Last season, Kent Gfeller took over as coach, focused heavily on fundamentals, and Triplains-Brewster went 14-8.
This winter, Triplains-Brewster again has big seasons going for Plummer and Rogge. Gfeller continues to preach fundamentals. Now, the supporting cast has taken big strides.
"Our coach is pretty great with us," Rogge said. "He is encouraging, and we just work on a lot of basic stuff, which I think is the most important. It's basically him, and we have come together more as a family than anything."
Triplains-Brewster stands at 7-1 and is ranked No. 5 in Class 1A Division II. Triplains-Brewster, a co-operative in the fall and winter, has never made state in boys' or girls' basketball. Brewster's lone girls' appearance came in 2005. Triplains has never made the state basketball tournament. The 2013-14 could produce the best basketball season in either team's school history.
"A really big surprise to me," Plummer said. "We kind of wanted to play basketball and play our best and once we were 6-0, we thought, 'Hey, we can go to state.' That's our drive right now is just to make it to state."
Rogge averages 15.9 points, 6.5 rebounds and three steals, all team-highs. Plummer is at 11.3 points, a team-best 4.3 assists and 2.8 steals. The longtime best friends could each reach 1,000 points in their careers.
"We always know where each other is on the court," Plummer said. "I know what she is going to do, and she knows what I am going to do. Off the court, too, we are best friends."
Rogge stands at 721 points and has shot 47 percent from the field, five percent better than any previous season. For her career, Rogge has averaged 14.7 points and 9.8 rebounds.

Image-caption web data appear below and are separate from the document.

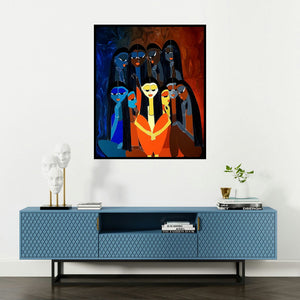 Rangoli Garg's 'Gossip (Women in Conversation)' painting visualized above a sofa in a contemporary room.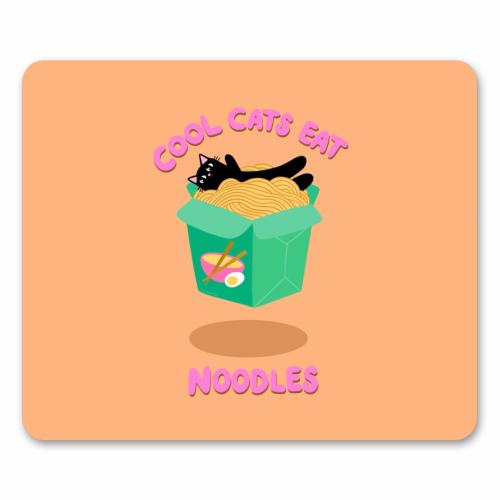 Cool Cats Eat Noodles - mouse mat by The Paper Tail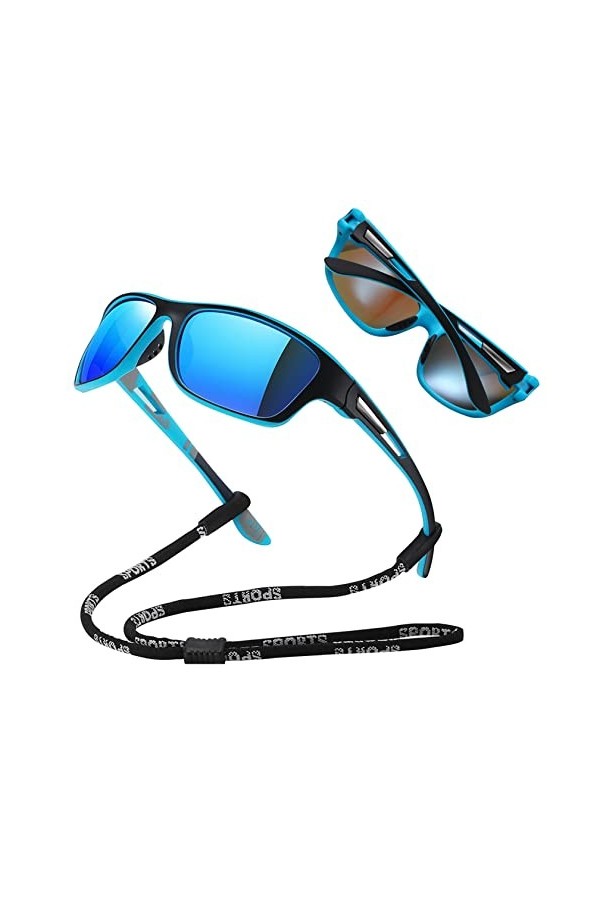 Moligin 1 * Lunettes de soleil polarisées avec lonyard Lunettes de soleil polarisées Men Femmes Répèles rétro Soleil avec san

"She does fine," Gfeller, a Rule 10 coach who is a businessman and farmer in town, said. "We need to really get her the ball more. She is just so incredibly athletic, and she has really refined her basketball skills where she is becoming a basketball player. Last year, she was just pure athletic ability, but she is a lot better shot this year. She can hit the 15-footer, and no one can guard her going to the hole, she is just so quick."
Plummer, who is being recruited by Oklahoma Panhandle State University and Fort Hays State University among others, wants to possibly do rodeo in college, too. She has 805 career points with a strong 1.42 assist to turnover ratio this season. The 5-foot-3 left-handed shooting Plummer has a solid shot fake she developed this summer, including basketball camps.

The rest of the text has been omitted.